Neben der „Germania Wiener Neustadt“ ist jetzt auch die Burschenschaft „Bruna Sudetia“ in den „Nazilieder-Skandal“ verwickelt. Buchautor Hans-Henning Scharsach legt dar, dass die antisemitischen Texte in deutschnationalen Kreisen keineswegs Einzelfälle sind.

Nach dem Auftauchen weiterer Liederbücher mit antisemitischen Texten bei der Burschenschaft „Bruna Sudetia“, nehmen Strache und Hofer den Obmann der Burschenschaft und Pressemitarbeiter des FPÖ-Infrastrukturministeriums, Herwig Götschober, in Schutz.

Währenddessen bereitet die FPÖ die politische Reaktivierung von Udo Landbauer vor, da die Staatsanwaltschaft nicht gegen ihn ermittelt.

Dass sowohl Landbauer als auch Götschober einer Burschenschaft angehören, die durch antisemitische Texte in ihrem Liederbuch deutlich machte, an den Traditionen des Nationalsozialismus keinen Anstoß zu nehmen, scheint nicht zu stören.

„Da trat in ihre Mitte der Jude Ben Gurion: Gebt Gas ihr alten Germanen, wir schaffen die siebte Million“. Dieser Text ist kein Einzelfall. Er ist nur einer der letzten einer Reihe ähnlicher Dokumente jenes fanatischen Antisemitismus, an dem Burschenschaften bis heute festhalten.

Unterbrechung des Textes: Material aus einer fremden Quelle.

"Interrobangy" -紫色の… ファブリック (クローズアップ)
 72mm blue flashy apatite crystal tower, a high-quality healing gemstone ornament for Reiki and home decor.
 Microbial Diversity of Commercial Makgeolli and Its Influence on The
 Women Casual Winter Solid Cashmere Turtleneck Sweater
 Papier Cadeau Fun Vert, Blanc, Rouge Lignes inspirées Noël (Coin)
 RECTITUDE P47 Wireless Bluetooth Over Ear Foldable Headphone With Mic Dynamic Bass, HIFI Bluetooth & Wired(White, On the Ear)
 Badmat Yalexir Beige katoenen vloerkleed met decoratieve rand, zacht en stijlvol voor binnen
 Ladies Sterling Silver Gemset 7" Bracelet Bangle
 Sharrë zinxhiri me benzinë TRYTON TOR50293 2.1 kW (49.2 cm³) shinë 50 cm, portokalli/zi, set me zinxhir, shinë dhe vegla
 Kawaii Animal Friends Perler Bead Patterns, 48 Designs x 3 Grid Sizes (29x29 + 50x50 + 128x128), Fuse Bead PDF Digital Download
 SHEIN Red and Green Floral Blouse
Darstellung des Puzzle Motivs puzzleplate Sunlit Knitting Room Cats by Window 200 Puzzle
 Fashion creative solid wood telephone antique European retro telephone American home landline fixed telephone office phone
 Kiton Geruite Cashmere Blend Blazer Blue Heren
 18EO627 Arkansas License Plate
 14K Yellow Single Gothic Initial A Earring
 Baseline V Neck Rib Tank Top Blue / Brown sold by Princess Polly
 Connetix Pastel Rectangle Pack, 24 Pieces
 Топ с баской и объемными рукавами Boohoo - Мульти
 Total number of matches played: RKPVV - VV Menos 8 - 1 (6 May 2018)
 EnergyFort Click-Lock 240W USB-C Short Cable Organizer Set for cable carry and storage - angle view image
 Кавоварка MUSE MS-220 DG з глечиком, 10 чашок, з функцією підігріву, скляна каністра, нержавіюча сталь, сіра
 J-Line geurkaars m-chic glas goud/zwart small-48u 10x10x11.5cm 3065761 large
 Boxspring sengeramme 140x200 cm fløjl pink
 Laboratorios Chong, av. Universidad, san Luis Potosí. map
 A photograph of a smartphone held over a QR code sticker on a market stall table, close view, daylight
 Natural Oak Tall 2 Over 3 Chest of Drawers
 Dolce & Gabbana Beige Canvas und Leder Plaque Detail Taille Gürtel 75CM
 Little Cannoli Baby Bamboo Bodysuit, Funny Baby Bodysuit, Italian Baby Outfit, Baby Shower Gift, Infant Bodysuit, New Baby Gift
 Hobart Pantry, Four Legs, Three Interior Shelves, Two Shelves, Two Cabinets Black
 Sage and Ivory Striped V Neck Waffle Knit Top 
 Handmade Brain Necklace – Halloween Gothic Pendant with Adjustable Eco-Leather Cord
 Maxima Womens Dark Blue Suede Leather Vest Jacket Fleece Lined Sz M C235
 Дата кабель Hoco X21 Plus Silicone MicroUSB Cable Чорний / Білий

Die Spur menschenverachtender Nazi-Texte lässt sich viele Nachkriegs-Jahrzehnte zurückverfolgen. Als im November 1961 ein jüdischer Friedhof in Innsbruck verwüstet wurde, konnten zwei Burschenschafter, Mitglieder der „Brixia“ und der „Suevia“ als Täter ausgeforscht werden. Bei einem der beiden wurde das folgende Gedicht gefunden:

„…der einzige Feind, den es wert ist zu hassen
und ihn unter Umständen auch zu vergasen
ist doch nur der ewige Jude, der heute
wie früher die dummen, weil ehrlichen Leute
bestiehlt und uns allen die Frischluft wegsaugt,
nicht ahnend, dass er nur zum Einheizen taugt.
Die Zeit wird bald kommen, darauf ist Verlass,
da man ihm zum letzten Mal setzt unter Gas…“

In den 1980er Jahren wurden eine Reihe neonazistischer Organisationen vom Verfassungsgerichtshof verboten, die eines gemeinsam hatten: Ihre Führungsfiguren kamen aus der Burschenschafter-Szene. Eine dieser Neonazi-Gruppierungen war die „Nationale Front“ von der die folgende „Kundmachung“ stammt:

„Alle Lehrer Österreichs, die den Auftrag der Siegermächte erfüllend, die Verbrechen am deutschen Volk leugnen und gleichzeitig mit den ihnen anvertrauten Schülern nach Mauthausen pilgern um dem Gasbetrug zu huldigen, werden, wenn wir die Macht gewinnen, durch ein Gesetz mit rückwirkender Kraft zu Verbrechern erklärt und so lange am Halse aufgehängt, bis dass der Tod eintritt.“

2003 sorgte bei der „Olympia“ der mittlerweile verstorbene Burschenschafter und Neonazi Michael Müller für musikalische Unterhaltung, der den Text von Udo Jürgens, „Mit 66 Jahren, da fängt das Leben an…“ umgedichtet hatte:

„Mit sechs Millionen Juden,
da fängt der Spaß erst an,
bis sechs Millionen Juden
da bleibt der Ofen an (…)
(…) wir haben reichlich Zyklon B (…)
Bei sechs Millionen Juden
Ist noch lange nicht Schluss“

Beispiele wie diese zeigen, dass sich Burschenschaften aus den Traditionen des Nationalsozialismus nie gelöst haben. Sie zeigen auch, dass die in den Liederbüchern der „Germania Wiener Neustadt“ und der „Bruna Sudetia“ abgedruckten Texte alles andere als Einzelfälle sind.